These veterans are special to us
Each year around Veterans Day we produce a magazine we call “Our Heroes.”
It is one of our favorite things to do each year, and we spend a lot of time on it. We start back in September, and then devote a lot of time in the month of October to get it done. It includes the whole staff with selling advertisements, graphic design, proofreading, printing and distribution, and, of course, writing the stories.
Every year it takes time to find these heroes we will write about, do the research on them, and then try to create a story which will honor their service to our country. And, every year, we get deeply involved with those we write about.
Sometimes we can actually interview the person who is a veteran of one of the Armed Forces, but quite often the hero we are writing about is dead, sometimes killed in war, sometimes having died years after their having been in the military.
I know I have developed a strong attachment to all the veterans I have had the honor and privilege to write about over the past 15 years. I know the reporters here at the Register have felt the same kind of connection. I can tell it when they come into my office and excitedly tell me about some things they have found out about the person they are going to write about.
This year was no different, with Fiona writing about two very different women who served, one alive and one recently deceased, and Kevin writing about two men, both of whom are deceased.

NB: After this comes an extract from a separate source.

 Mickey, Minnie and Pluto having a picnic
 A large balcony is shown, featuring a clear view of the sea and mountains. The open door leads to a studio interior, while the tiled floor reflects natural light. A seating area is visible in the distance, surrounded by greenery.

Both of the two men I wrote about were deceased, and were from different centuries and served in very different wars.
It was hard to find out information on a man who died more than 110 years ago. But luckily two people, A.B. Russ and Bonnie Schuster, had done quite a bit of research on Patrick Downs, and I thank them for sharing it with me. I found some more information on him and the unit he served in during the Civil War, and tried to weave a story about this man who lived in a totally different era.
It is such a sad thing that he and his wife, Catherine, are buried in unmarked graves in Wells. And in another few years, there will be no one around who knows about this tragic situation and so it is likely their final resting places will remain unidentified forever.
I also have to thank Duane Bromeland, who had done a bit of research on his father’s service in World War II. As in so many cases, Don Bromeland had not shared much of his time in the war with his family, and Duane found out this information after his father was gone.
While I feel close to all the people I have written about, I have to admit I felt a special affinity to Don Bromeland and his son Duane. That is because my father also served in the Navy, and specifically, in the U.S.N. Submarine Service.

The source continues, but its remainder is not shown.